To ensure that we can interpolate the energy functional of the bulk material and the free space in TO, we must consider pseudoelastic properties in the functional above. However, to minimize the contribution of these properties, we introduce a dimensionless coefficient of the order of \(10^{-15},\) denoted by \(\theta\). In the equation above, \({\varvec{{\mathcal {C}}}}_0\) represents the fourth-order linear elasticity tensor, while \(\epsilon _0 = 8.854 \times 10^{-12} \frac{\textrm{F}}{\textrm{m}}\) is the electric permittivity of free space.

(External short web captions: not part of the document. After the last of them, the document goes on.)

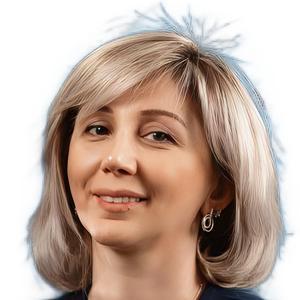Немсадзе Лела - фотография Немсадзе Лела , пародонтолог - Тбилиси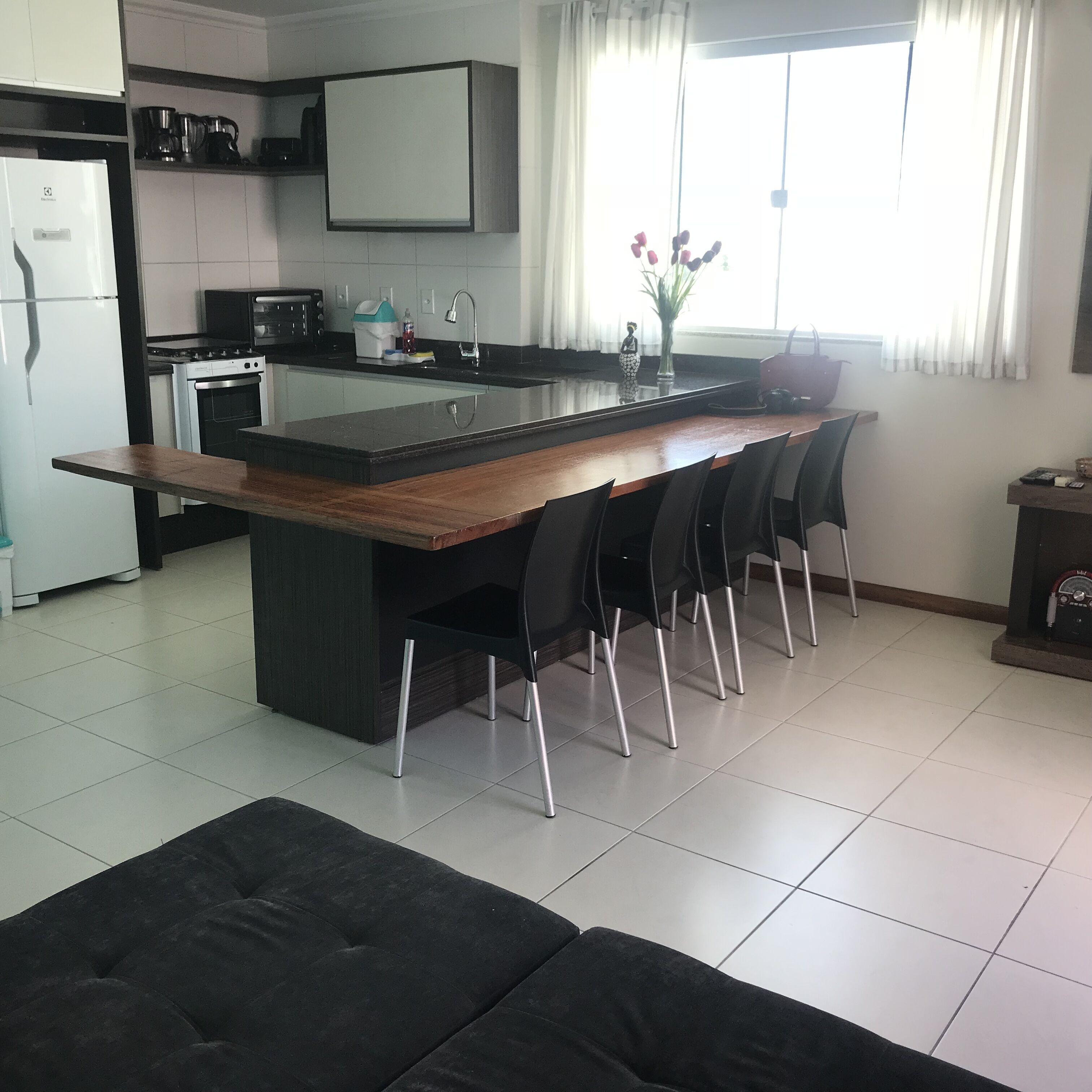 Your coverage at the Ingleses beach 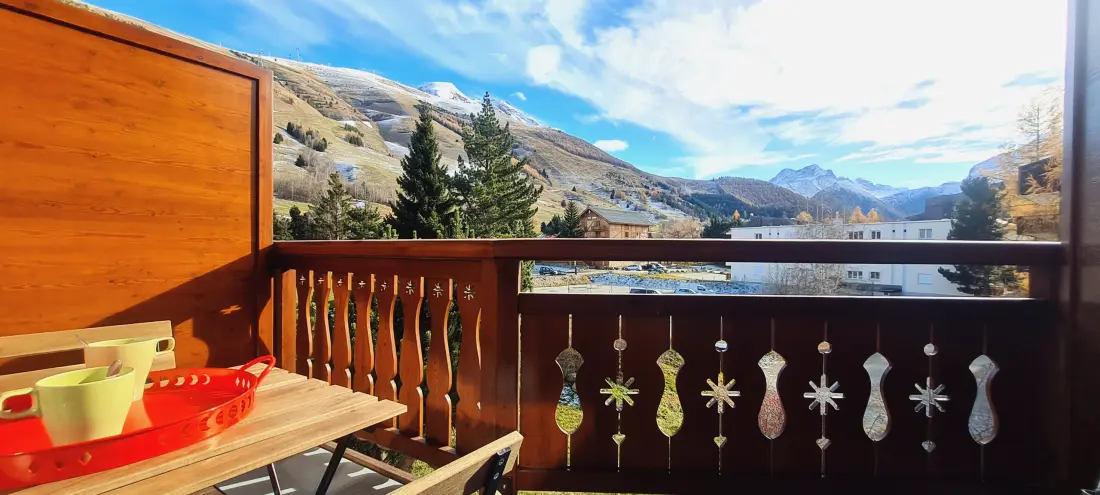 Studio à Les 2 Alpes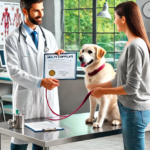 what is a health certificate for dogs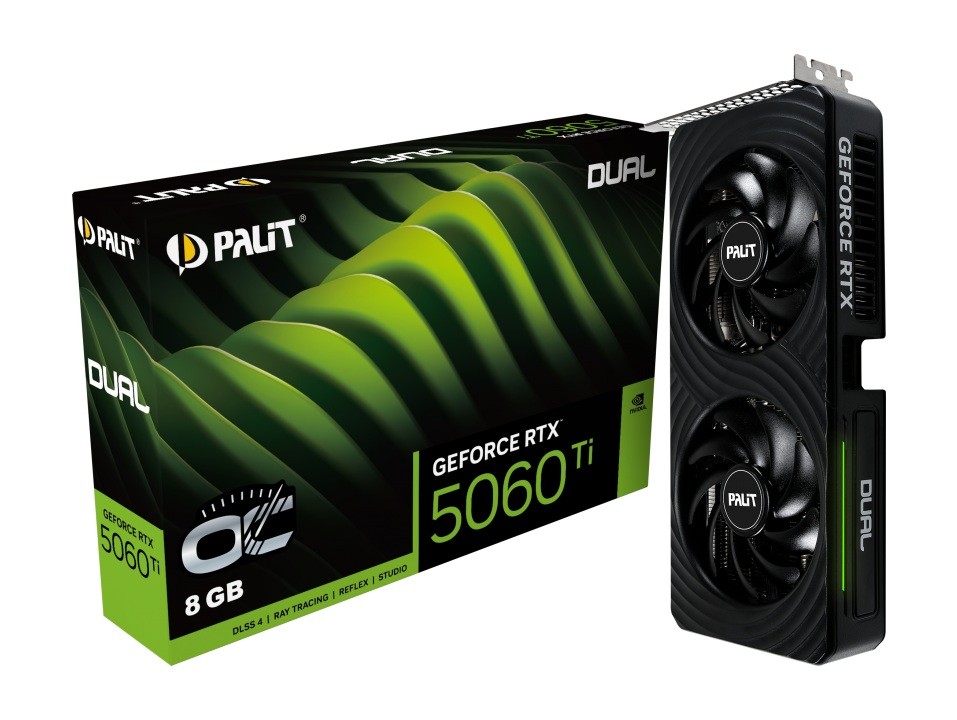 Palit Graphics card GeForce RTX 5060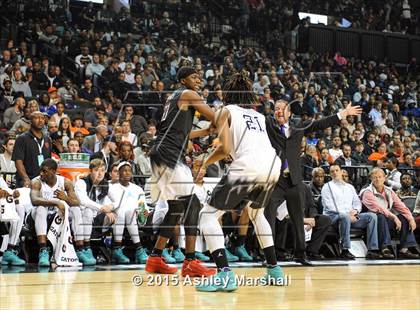 Thumbnail 1 in Jordan Brand Classic (Boys Game) photogallery.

Furthermore, Ortigosa et al. (2021) noted that the electromechanical component of the energy functional in Eq. 7 compromises numerical stability due to the high non-convexity of the functional with respect to the deformation gradient tensor \({\varvec{F}}\). Therefore, we adopt the stable version of the energy functional proposed in Ortigosa et al. (2021). This version eliminates the dependence of the electroelastic component on the deformation gradient, resulting in the following definition:

$$\begin{aligned}\psi _f\left( {{\varvec{F}}, {\varvec{E}}} \right)&= \frac{\theta }{2} \left[ {\varvec{F}} - {\varvec{I}}\right] : {\varvec{{\mathcal {C}}}}_0: \left[ {\varvec{F}} - {\varvec{I}}\right] \\&\quad - \frac{1}{2}\epsilon _0 \left[ {\varvec{E}} \cdot {\varvec{E}} \right] . \end{aligned}$$

(8)

We acknowledge that the simplification in Eq. 8 does not accurately account for the Maxwell stress. However, we conducted a comparison of the electric energy density defined in Eqs. 7 and 8 for our specific problem setting in Sect. 2.4. Our comparison revealed that the difference between the two formulations is not significant in our problem setup. Therefore, it is reasonable to utilize the numerically stable version of the energy function as defined in Eq. 8.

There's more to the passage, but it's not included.